I’m one who believes that we need to have developers, right now, on newsrooms along side with designers and journalists. Since this is not the landscape right now, we still need a tool that enables people working on newsrooms to be able to animate their graphics.

(Note: There is such a tool, launched a couple of weeks ago. Hype will help a great deal of visual journalists around the world. I intend to write about Hype very soon on this blog. UPDATE: You can reed the article and an interview about Hype here.)

This lack of Flash on the iPad as been noticed. Most news media applications don’t have interactive graphics, even if their websites have them. Of course that, as always, there are a few examples outside the norm. For the iPad, I could not talk about interactive infographics and fail from mentioning two amazing examples: The Times and Al Gore’s Our Choice iPad applications.

Newscorp’s daily newspaper has been working with the amazing London design studio Applied Works to develop some of the best interactive graphics I’ve seen on the last years. Even more impressing, they did it for the newspaper’s iPad application. You can check some of their brilliant work here.

Another app with some amazing examples is Our Choice. The ‘green’ ebook is a must have for anyone interested on how to present data that allows interaction on the iPad. Sadly, I couldn’t find a place that could show in detail these works. You can check Push Pop’s website for some quick examples and, hopefully feel inspired enough to go to the App Store and buy the book for yourself.

Regardless of the few examples found on news media iPad applications right now, I have no doubt that interactive graphics are a major tool for journalistic storytelling on tablets and the future of publishing. With that in mind and with the knowledge that, eventually, we’ll have more and more tools allowing journalists to build such narratives (remember Hype?), I wanted to share some points that are decisive when developing interactive infographics for tablets:

a) Hotspots must be used just for three reasons: First, for navigation purposes (moving forward and backward on a simple step-by-step story). Secondly, use hotspots to add new information layers to your graphic – secondary information that is not vital to the narrative but adds to the final experience (such as the ability for readers to explore the data set and find their own stories, inside the story).

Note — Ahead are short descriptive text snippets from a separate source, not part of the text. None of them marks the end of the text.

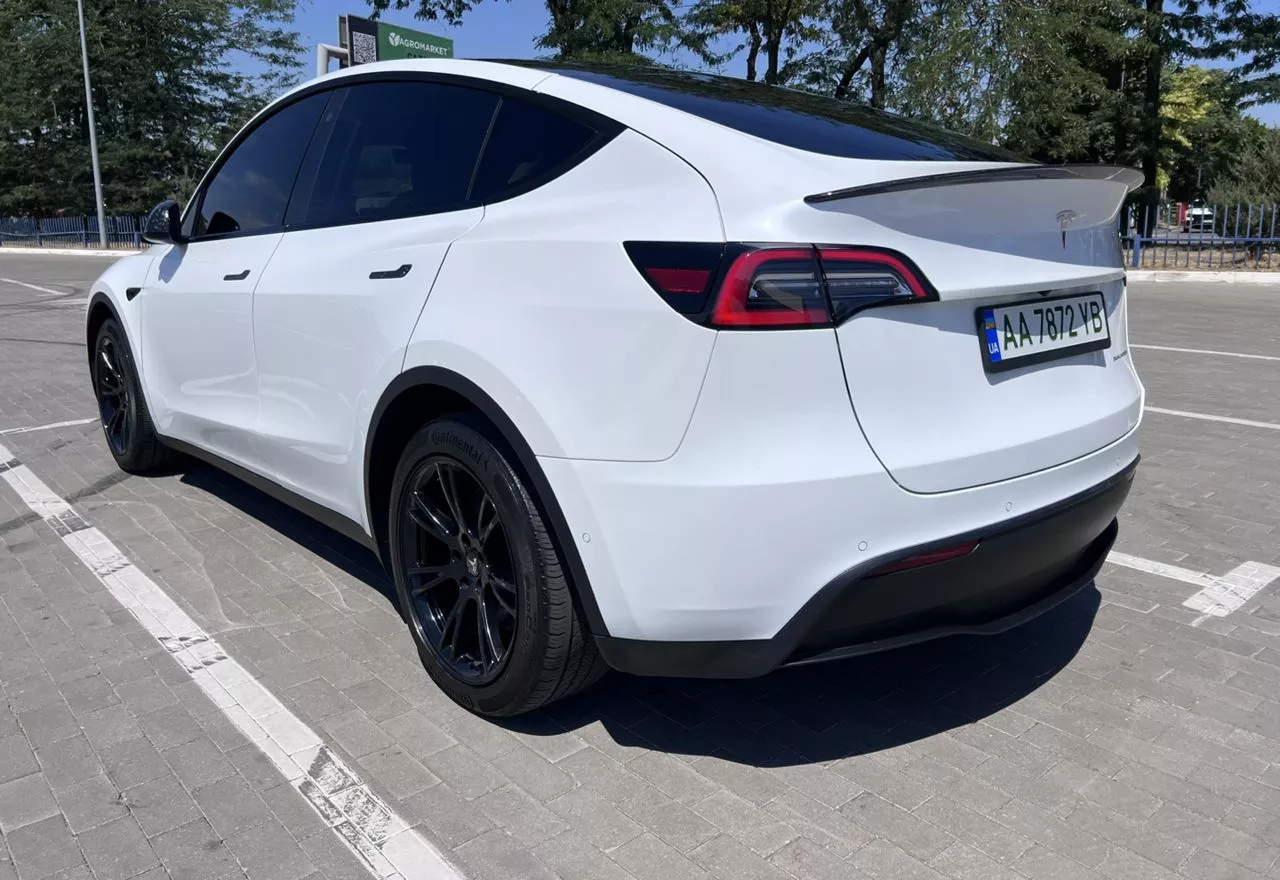 Tesla Model Y  82 kWh 202151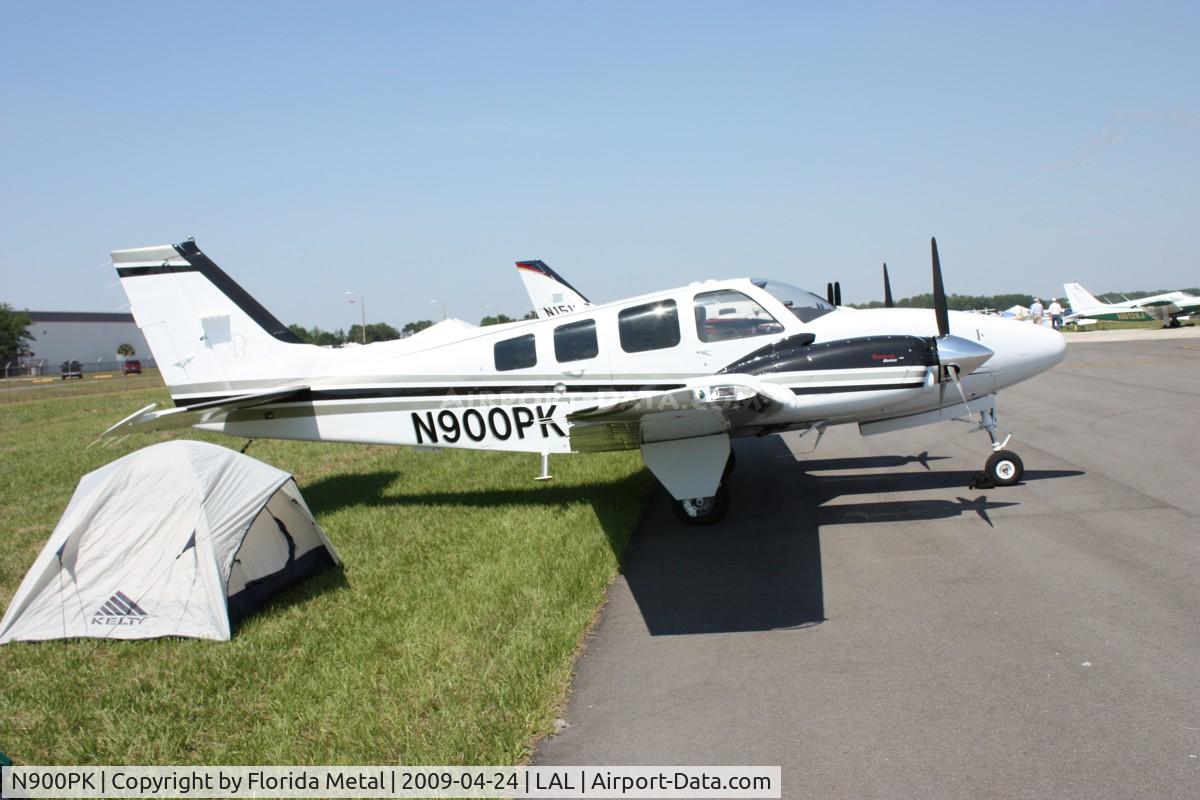 N900PK, Raytheon Aircraft Company G58 Baron C/N TH-2152, Beech 58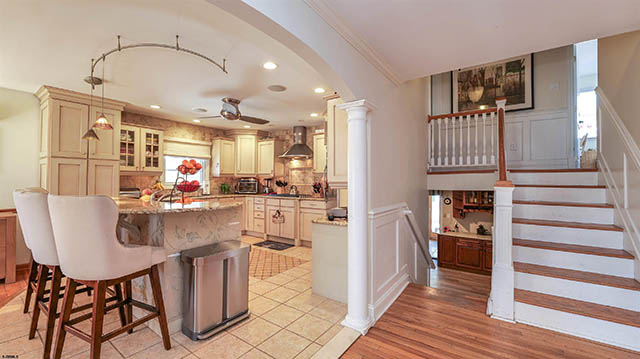 10  Sunset Ave - , LINWOOD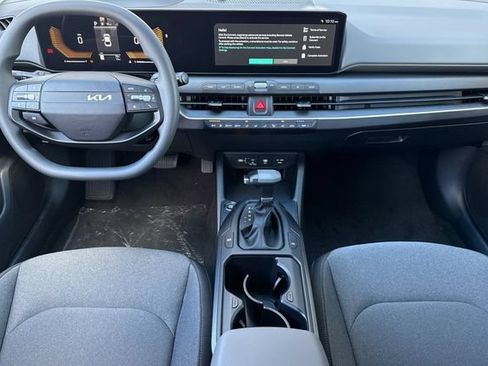New 2026 Kia K4 FWD image 15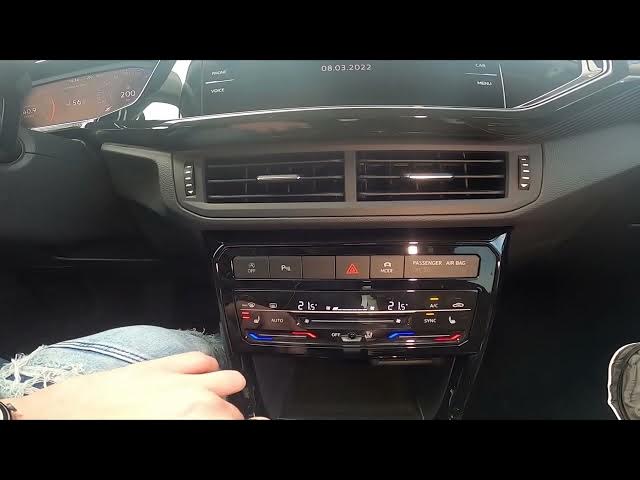 Video thumbnail for How to Synchronize Airflow in Volkswagen T-Cross ( 2018 - now ) - Sync Climate Control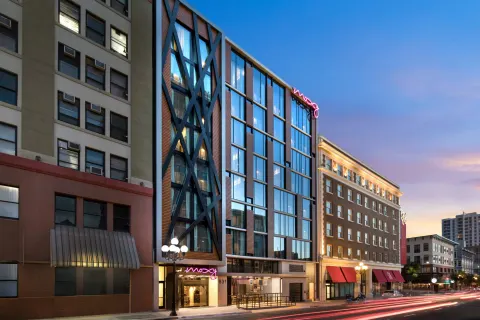 Moxy San Diego Downtown – Gaslamp Quarter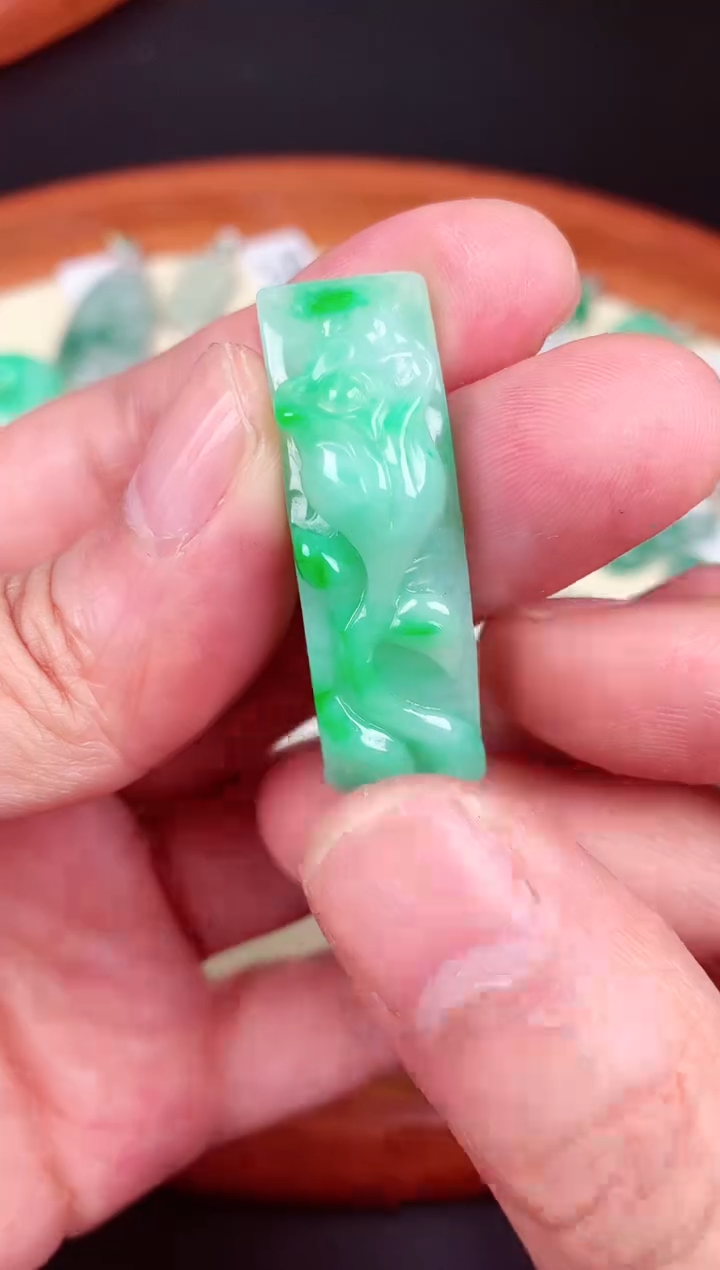 【闪购商品】翡翠吊坠(不含链)未镶嵌天然缅甸A货翡翠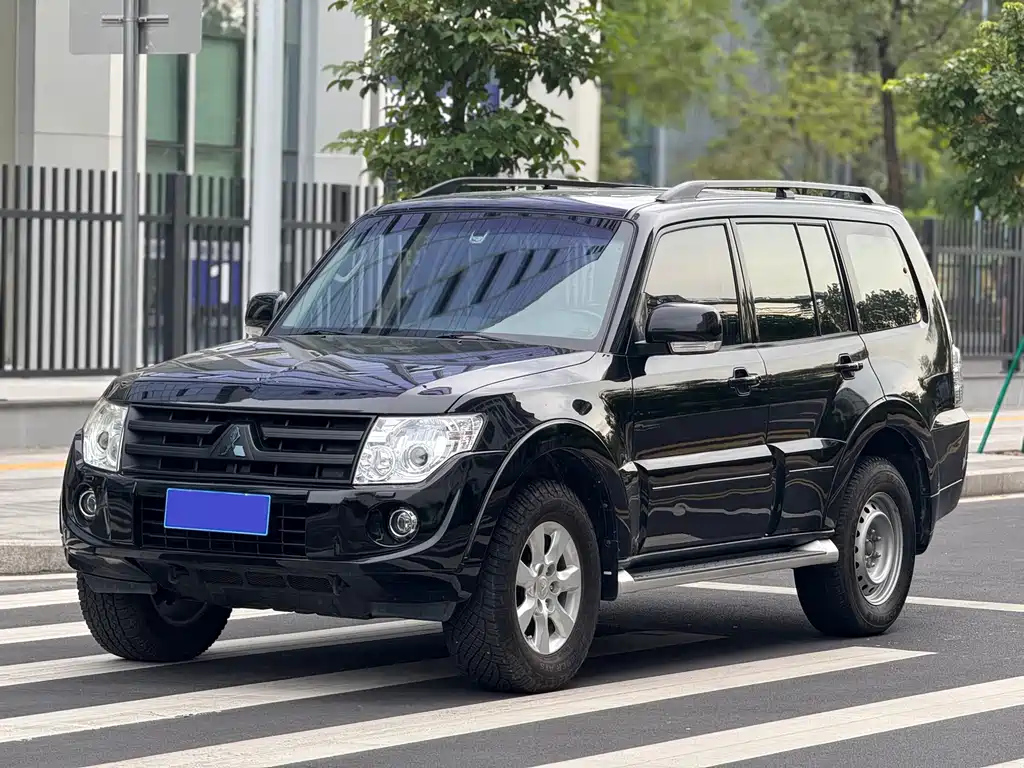 MITSUBISHI PAJERO IMPORT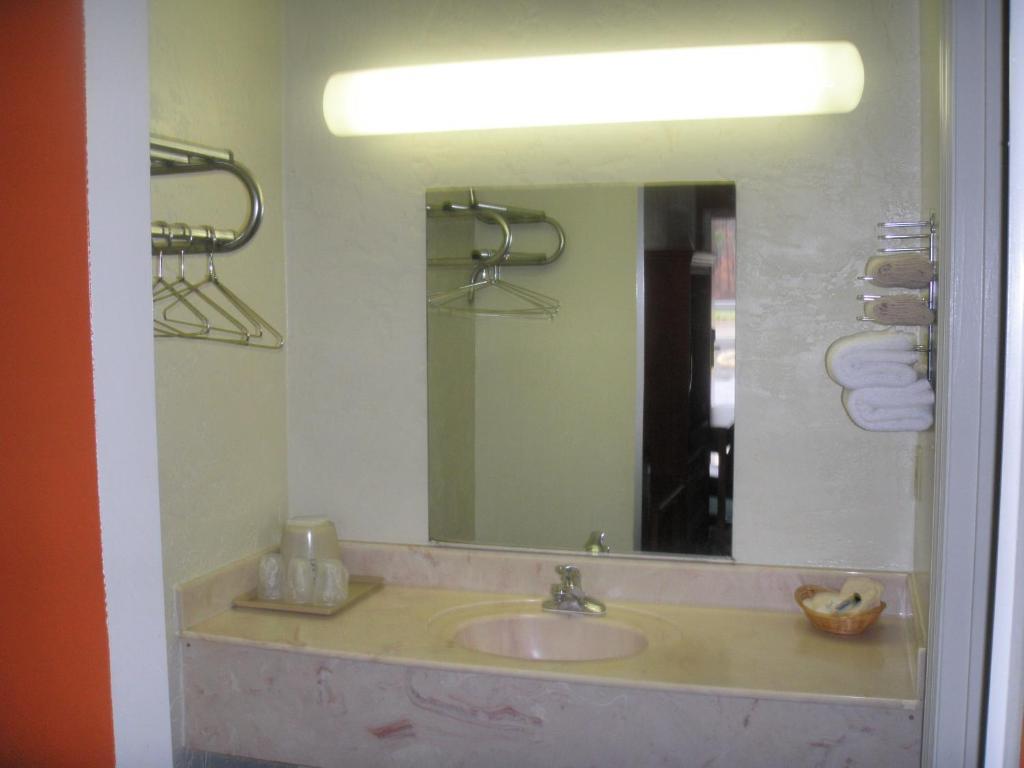 קליבלנד Applegate Inn חדר תמונה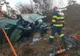 Un autoturism s-a răsturnat pe DN 6. Două persoane au fost rănite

Thirdly, use it to show information that, because of lack of space on the screen, you cannot display on the ‘ground’ design (of course, this is a last resort solution. I believe that if a given design isn’t working, then you should redo it, instead of compromising at the cost of your reader’s experience).

b) Remember that the iPad is not a website, therefore your application won’t probably have ‘hitable advertising’. Most websites use interactive graphics as a way to increase the number of hits on the page’s advertising. Each time you push a button, the whole page refresh and adds a new hit on the advertising.

Keep hotspots to a minimum, driven by content and not because you can do it. Most designers working on iPad applications are originally print designers and interactivity is a cool, funny new thing for them. Hence, the amount of useless hotspots that I see on my iPad is huge. Most of the times, a new designed interface would get rid of those hotspots.

Please keep in mind, just because you can do it, you don’t have to do it! Your readers will thank you.

c) Many graphics published on print are nothing more than ‘number illustrations’. Without added information, simple charts are less effective to show quantities than text. For example, which one would be clearer for you: 45% of this and 55% of that or a chart pie with those two values? (OK, I did choose two very similar values to make my point, but I believe you understand me).

A great way to add a new layer of information to your charts when publishing them on a tablet app is by adding a simple audio hotspot. Touch it and get one of the publication’s editors telling you what that given chart is and what it means for the accompanying story.